WSVN — Ron Blumstein: "It's a natural resource, and we all think it's going to be around forever, like everything else."

But now …

Patrick Fraser: "Are we in trouble?"

Ron Blumstein: "We're in trouble."

Big trouble, from big droughts.

Ron Blumstein: "This is really serious."

Possibly a serious effect on every South Floridian.

Ron Blumstein: "If that water is gone, the state of Florida is in bankruptcy."

It's become an indisputable fact.

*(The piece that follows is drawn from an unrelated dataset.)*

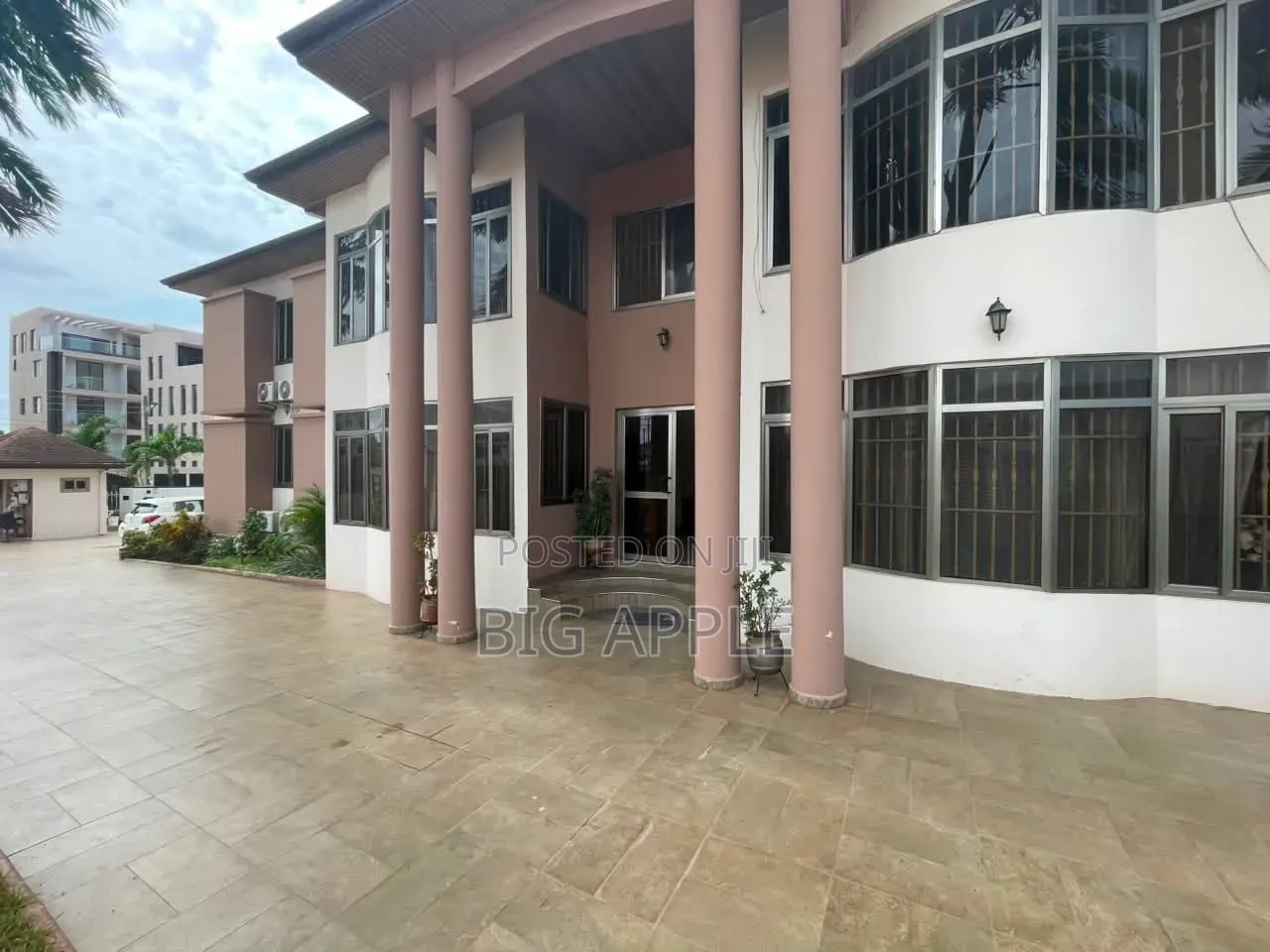 3bdrm Apartment in North Legon for rent in North Legon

Right now we just don't have enough water for drinking, to saturate our lawns, our golf courses and our farms.

Ron Blumstein: "Our project is there, will be somewhere in the neighborhood of a billion dollars in losses of agriculture."

To some people who see it rain all the time, the water shortage is hard to understand.

After all, we get our drinking water in South Florida from the Biscayne aquifer that sits beneath us, and, right now, it's full of cold, clear water.

To understand the trouble you need to head north, to Lake Okeechobee.

The water from here refills the Biscayne aquifer when it gets low in the dry winter season.

But, right now, it's the lake that's low.

Piers and docks look like they were put in the wrong place.

And, a mile out, land is popping up where it used to be deep under water.

Patrick Fraser: "How bad is it? Well, right now, the lake is five feet below normal, in the good spots. This is a bad spot. Right now the water should be up to here. As you can see, this part of the lake is dry and has been for a while. Common sense tells you, in the coming months, when South Florida needs water, instead what we are going to get is trouble."

Farmers like Paul Orsenigo are already feeling the pain. He has 1,500 acres of crops and needs the water from Lake Okeechobee to keep them alive.

Paul Orsenigo: "If you look at the water resource as a bank account, the reserves are very low."

Paul Orsenigo: "So we have two forces. We have the dry season coming up with a low water supply, not a good situation to be."

Paul is hoping for a rainy fall and winter. Charles Bronson says if we don't get it, get out your wallet.

Paul Orsenigo: "And the food supply is going to get more expensive and less of it because, right now, we're looking at a 40 percent production of the normal food supply."

Next to feel the effects, you and me.

In Miami-Dade and Broward we use 597 million gallons of water a day. That's right, 597 million gallons a day, an astounding amount.

Kelly Marcellus: "You have to be concerned. I mean, I'm about to have three kids, and it affects families everywhere, I think."

You will be affected by year-round water restrictions and rates that could double or triple your water bill over the next few years.

Jennifer Jurado: "What we do anticipate happening is increases in water bills in order to compensate for the alternative technologies that we will have to develop to make sure that never happens."

And, believe it or not, that's a good case scenario. Back at Lake Okeechobee, there is a fear that in the next few months things could go horribly wrong.

Jennifer Jurado: "Salt water intrusion."

Leonard Wheeler is a former state engineer.

He says if Lake Okeechobee gets much lower, look out.

Leonard Wheeler: "Once that level goes down, and the magic number seems to be about eight feet, when that level goes down below that level, salt water, which is denser than fresh water will come in, and it will suck in the wells."

And if we get salt water in the aquifer that we drink from, the cost to make it drinkable would be outrageous. Not a pleasant thought.

Jose Fuentes: "We've never been put in a situation where Lake O. has entered this low a stage at this point in a period of time, as we enter a non-rainy season. This is really serious."

Bottom line, your water bill is going up, the amount of water you use is going down to avoid South Florida being left high and dry.